Pour un modèle de partenariat gagnant-gagnant
Pour sortir de l’impasse, Jadri propose un modèle de partenariat public-privé-tiers-secteur reposant sur des indicateurs clairs: «les subventions publiques ne devraient plus être versées à perte, mais intégrées à des projets mesurables dans le temps, avec des indicateurs de durabilité et de performance». Le NMD confirme ce virage en recommandant l’«économie sociale comme pilier de développement national».
A cet égard, la professionnalisation, l’accès aux financements, la formation et la mesure de l’impact apparaissent comme des leviers incontournables. Le Maroc a clairement désigné le tiers-secteur comme un acteur stratégique de son développement économique et social. Pourtant, l’écart entre ambition et réalité reste important : structure fragile, cadre fiscal défavorable, manque d’accès à la commande publique… Le travail de fond reste à faire.

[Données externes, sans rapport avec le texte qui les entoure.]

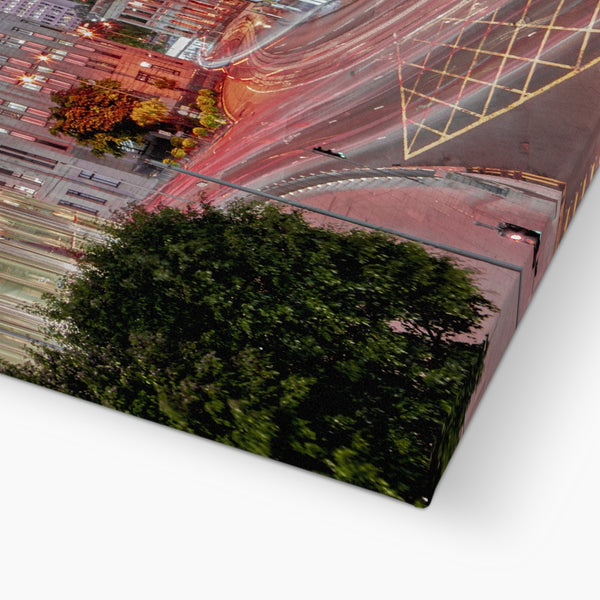 Hong Kong Photography Canvas Print I Bank Street Central HK I Cityscape & Night City Wall Art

Le défi est désormais de transformer ces milliers d’acteurs en véritables entreprises sociales, autonomes et durables, capables de créer des emplois, générer de la valeur ajoutée et contribuer au «modèle marocain» de croissance inclusive. Comme le rappelle Jadri, «c’est à ce prix que le tiers-secteur pourra enfin jouer son rôle de véritable moteur du développement durable et inclusif au Maroc».